Artusi, ne “La scienza in cucina e l’arte di mangiar bene”, parla di “Tagliatelle all’uso di Romagna”, ma è solo nel 1972 che la delegazione bolognese dell’Accademia Italiana della Cucina deposita alla Camera di Commercio la misura della vera tagliatella, con un campione fatto in oro. La misura perfetta è la 12.270esima parte dell’altezza della Torre degli Asinelli, ovvero circa 7 mm a crudo.
Tortello
(da agricoltura.regione.emilia-romagna.it)
Primo piatto costituito da pasta sfoglia ripiena di un impasto a base di bietola lessata o spinaci e/o ricotta del quale esistono numerose varianti, conditi solitamente con burro e salvia o con soffritto. La sua tradizione affonda nel passato storico italiano e trova la sua nascita nella filosofia del riciclo tipico delle epoche passate, allorquando non si poteva, vista la scarsità dei prodotti, buttare via nulla riguardasse la tavola. Proprio per questo motivo sembra sia nata l’usanza delle paste ripiene, tortelli, ravioli, cappellacci, agnolotti e quant’altre presenti in maniera massiccia nella tradizione gastronomica di differenti città. Nelle famiglie reggiane è tradizione preparare i tortelli come primo piatto della cena della Vigilia di Natale, proponendo così un piatto ricco e gustoso rispettando il precetto di magro della Vigilia.
Anatra
(da buonissimo.it)
L’anatra, considerata un animale da cortile, può essere domestica o selvatica. Rientra nella categoria delle carni rosse utilizzabili quando il volatile ha circa 3 mesi ed un peso pari a circa 2,5 kg. La gastronomia della Francia ha una vera passione per il fegato (foie gras), nonostante sia meno pregiato di quello d’oca. Da non disdegnare nemmeno il prosciutto, dal sapore raffinato ma difficile da conservare. L’anatra è apprezzata soprattutto in abbinamento con la frutta, in particolare ciliegie, castagne, arance e mele.
Torta Barozzi
(da tortabarozzi)
Contrappunti di mandorle e arachidi in squisito cioccolato fondente. Lo stesso gusto indimenticabile che provò Eugenio Gollini quando si accorse di aver trovato la sua ricetta perfetta. Non sapeva ancora che avrebbe superato i cent’anni e fatto il giro del mondo…

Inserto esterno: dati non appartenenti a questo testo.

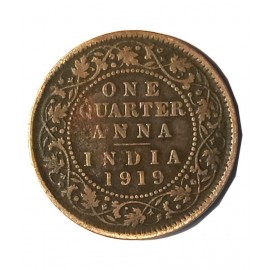 OLD RARE ONE QUARTER ANNA YEAR 1919 GEORGE V KING EMPEROR OLD RARE ONE QUARTER ANNA YEAR 1919 GEORGE V KING EMPEROR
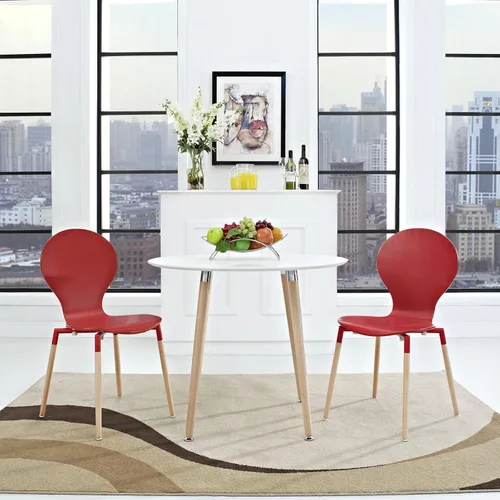 Miniatura 5 de Modway Path Mid-Century Modern - Dos sillas de cocina y comedor en color blanco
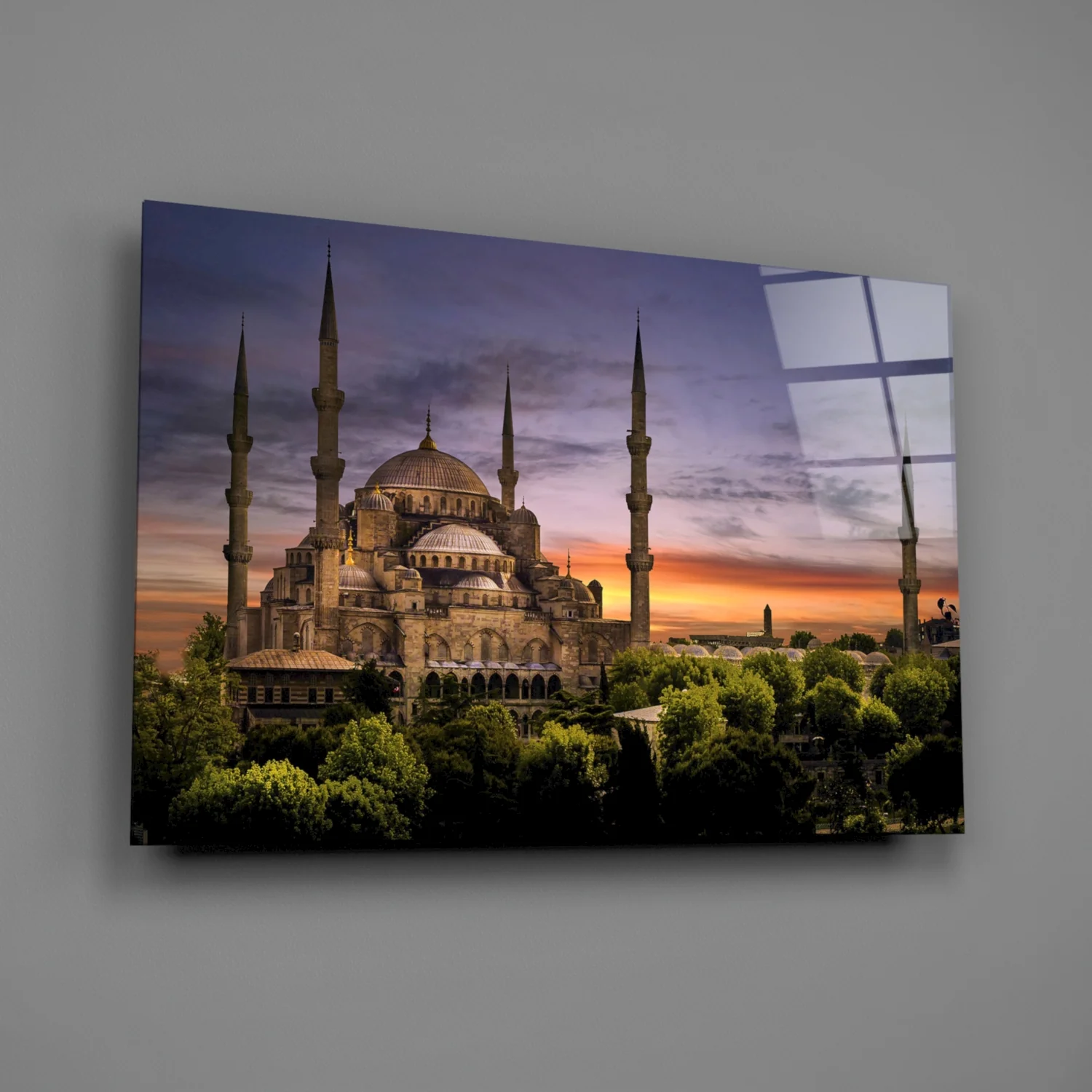 Blue Mosque Glass Wall Art - Image 3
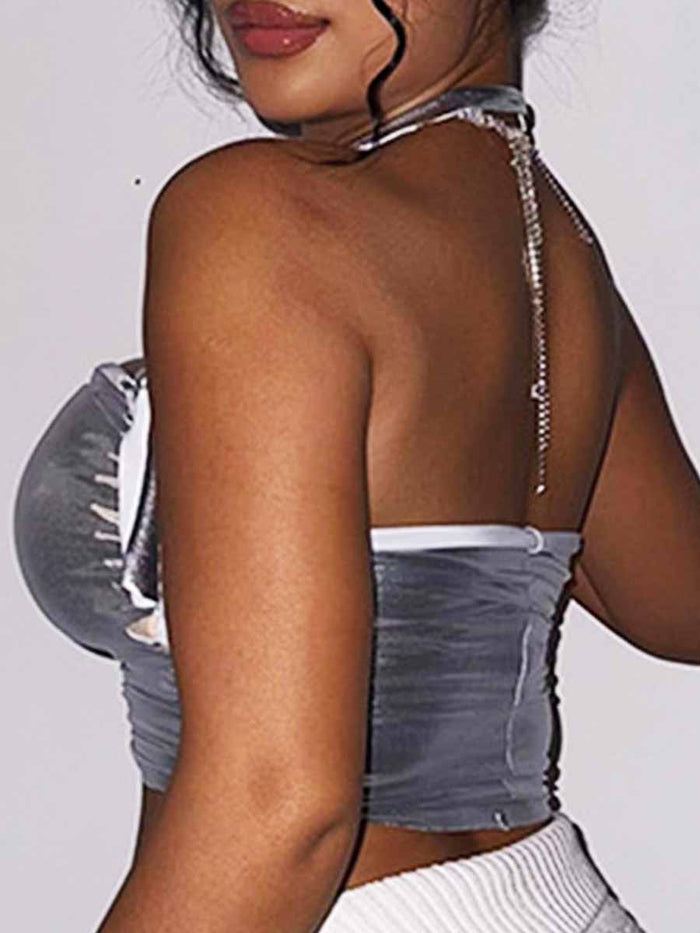 Silver Hollow Reflective Tank Top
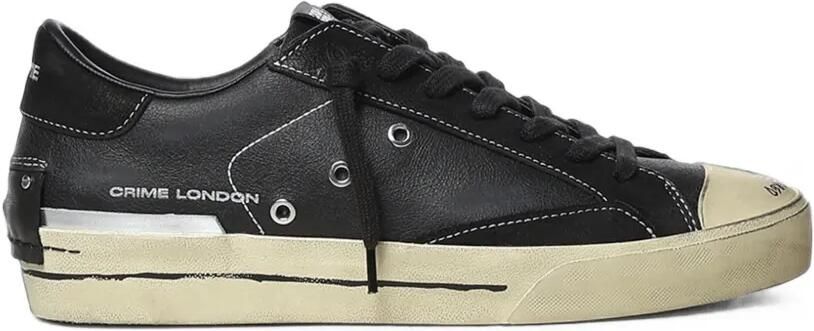 Crime London Midnight leren sneakers met gerafeld effect Zwart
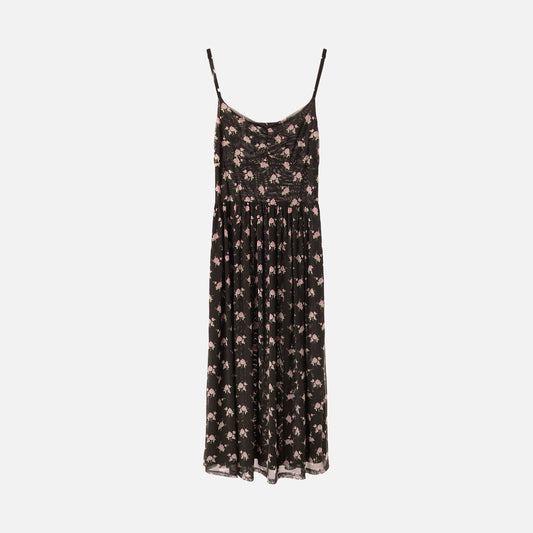 Sandy Liang Black Floral Mesh Midi Dress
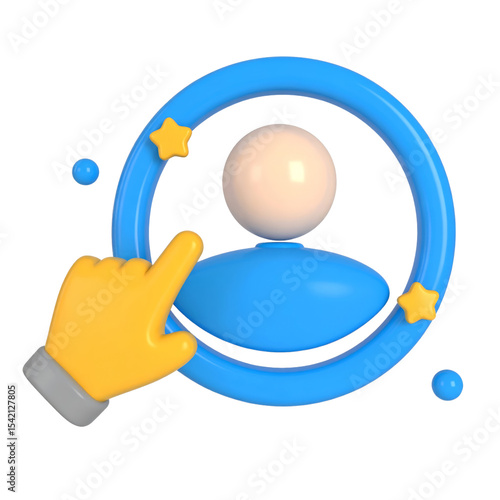3D illustration of user profile icon with yellow hand pointer, blue circular frame, and decorative stars, representing account selection or user interface in playful, modern style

‹‹…per descrivere la Torta Barozzi bisognerebbe essere per lo meno Tolstoj, mi scuso con la Torta se non son degno. Si presenta come una piccola zolla di terra, e come una zolla si sbriciola. È un incantevole mistero fatto di mille aromi che confondono il palato in una sinfonia di dolcezze…››
(Michele Serra)
La vera Torta Barozzi viene prodotta ancora oggi secondo la ricetta originale custodita in un piccolo laboratorio di famiglia nel cuore di Vignola.
Cioccolato fondente, mandorle e arachidi, uova, burro e zucchero, solo ingredienti di prima qualità senza coloranti né conservanti, esattamente come la faceva nonno Eugenio.
Visciole di Vignola
(da agricoltura.regione.emilia-romagna.it e cavazza1898)

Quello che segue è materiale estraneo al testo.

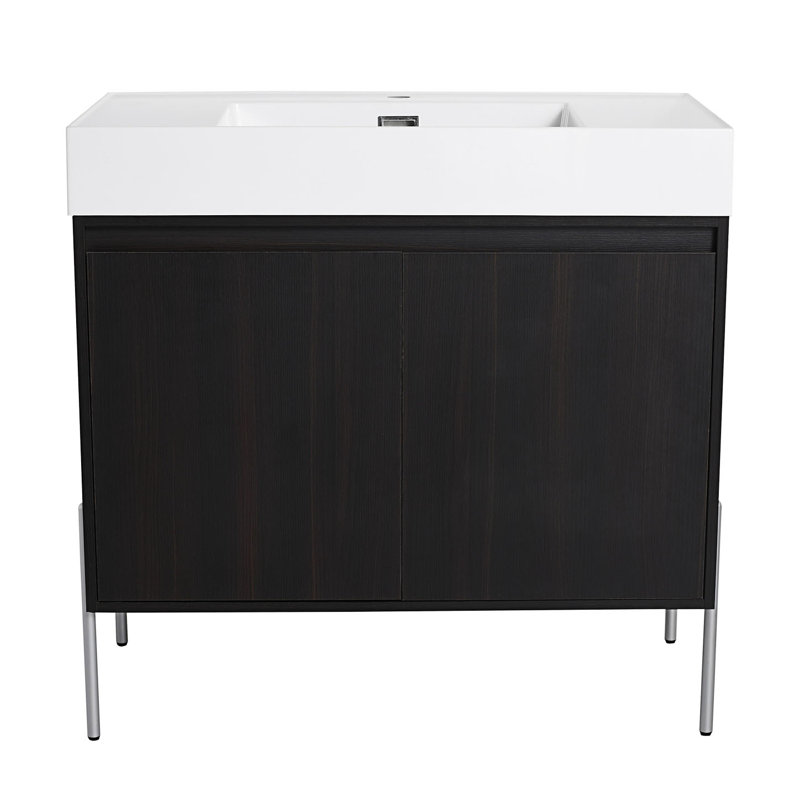 Meuble-lavabo autoportant avec lavabo en résine, armoire de rangement
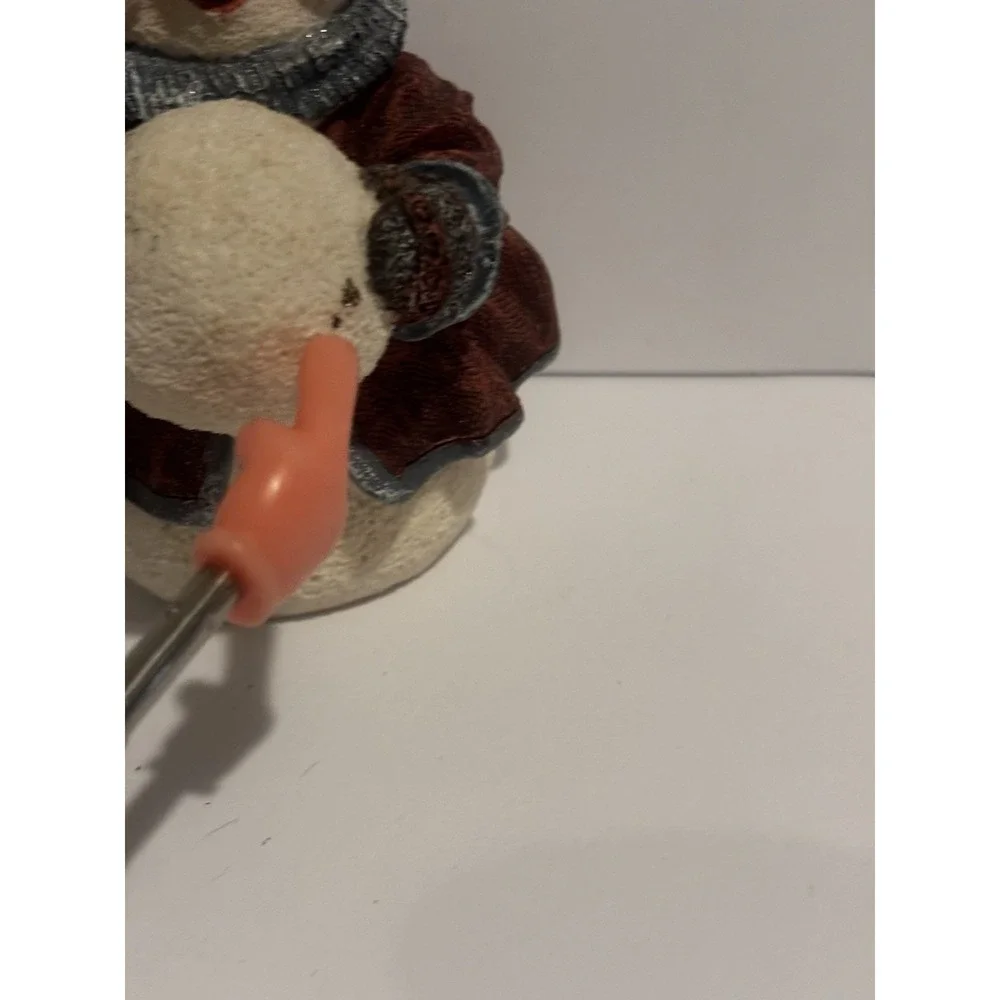 Snowman in Red Coat with Snowball Figurine Frosty Christmas Holiday Decor 6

Due IGP d’eccellenza: la Ciliegia di Vignola Igp e la Confettura di Amarene brusche di Modena
La prima si consuma appena raccolta, la seconda, inadatta alla commercializzazione per il consumo fresco, si trasforma in sciroppi, conserve e confetture.
Cavazza 1898
Adagiata tra il fiume Panaro e le dolci colline modenesi, Vignola è il paese delle ciliegie più famoso al mondo. Qui i frutteti colorano e profumano la campagna di mille suggestioni. E sempre qui, l’azienda Cavazza seleziona la migliore frutta di stagione, preparando specialità uniche nel loro genere.

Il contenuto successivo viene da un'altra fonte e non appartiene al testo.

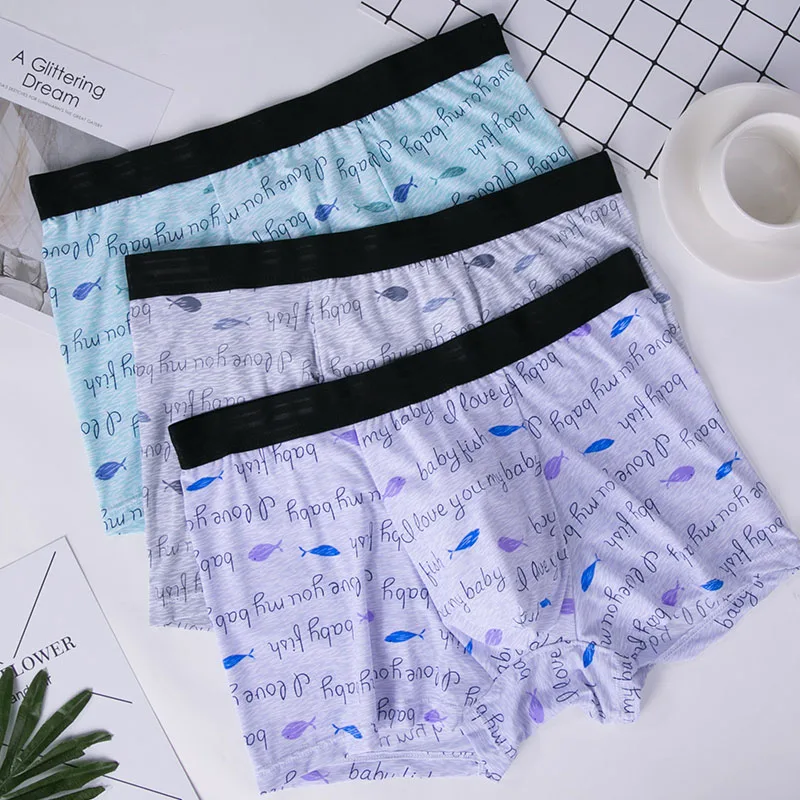 Мужское нижнее белье мягкие дышащие боксеры из шелка со средней талией и принтом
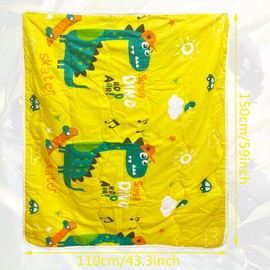 NTEVXZ Summer Quilt for Children, Air Conditioning Quilt, Cartoon Cooling Blanket, Summer Quilt, Yellow Dinosaur, Thin Cartoon Quilt, Soft, Cuddly All-Year Duvet, 110 x 150 cm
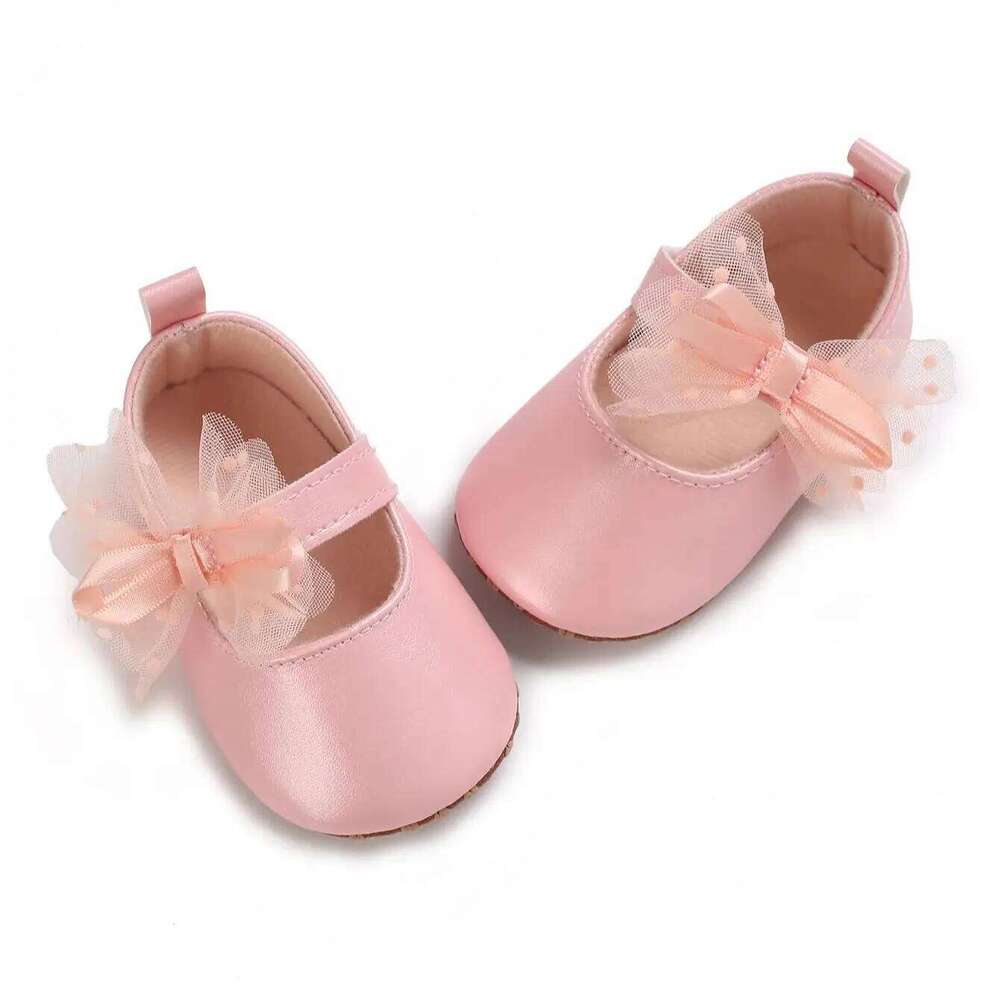 "Baby Girl First Shoes 0-18M - Bow Detail Mary Janes | Princess Soft Walkers"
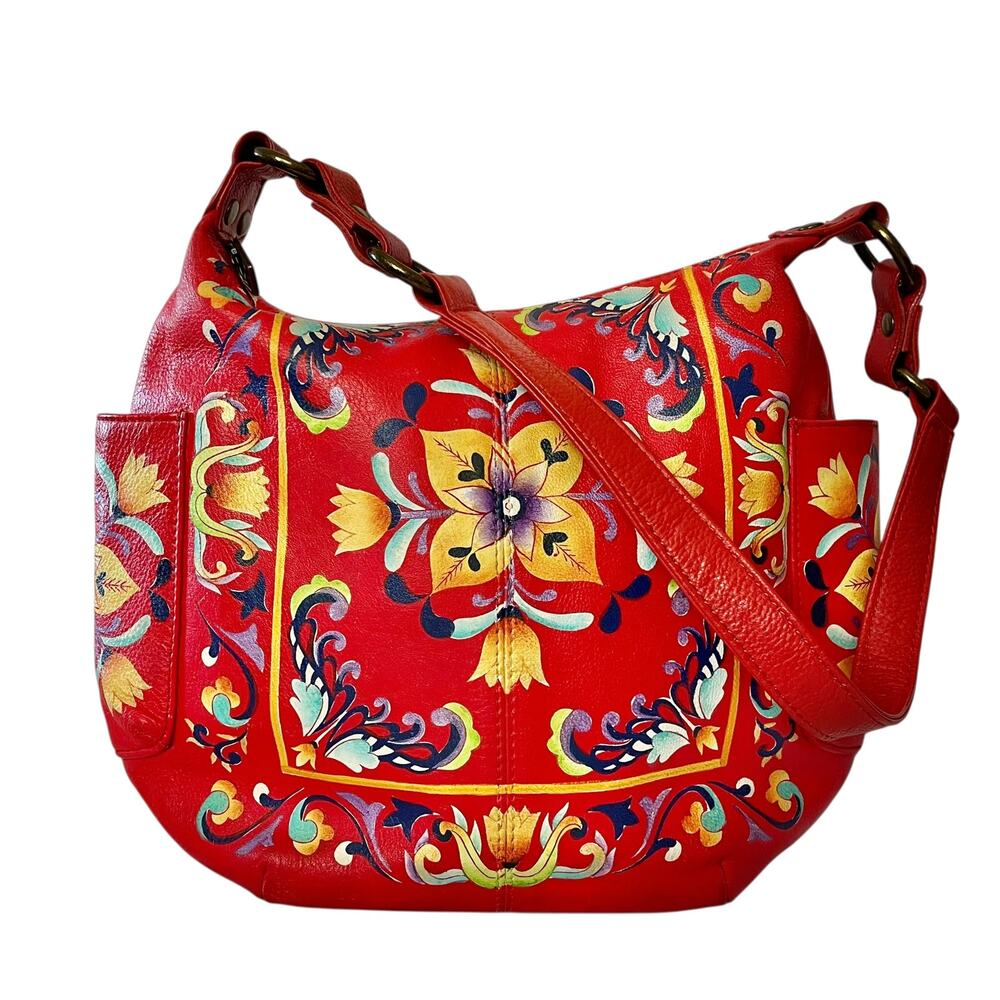 Anuschka Red Tuscan Tiles Hand-Painted Leather Hobo Shoulder Bag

Albana Romagna DOCG Passito
(da stefanoferrucci)
Prodotto da uve scelte di Albana della Serra sottoposte ad appassimento naturale appese su telai mobili, quindi vinificate con pressatura soffice e fermentazione in vasche di cemento vetrificato a temperatura controllata in presenza di lieviti selezionati.
Ha colore giallo oro lucido con sfumature ambrate, profumo ampio e persistente con sentore di uva passita, miele e frutta matura, sapore delicatamente dolce.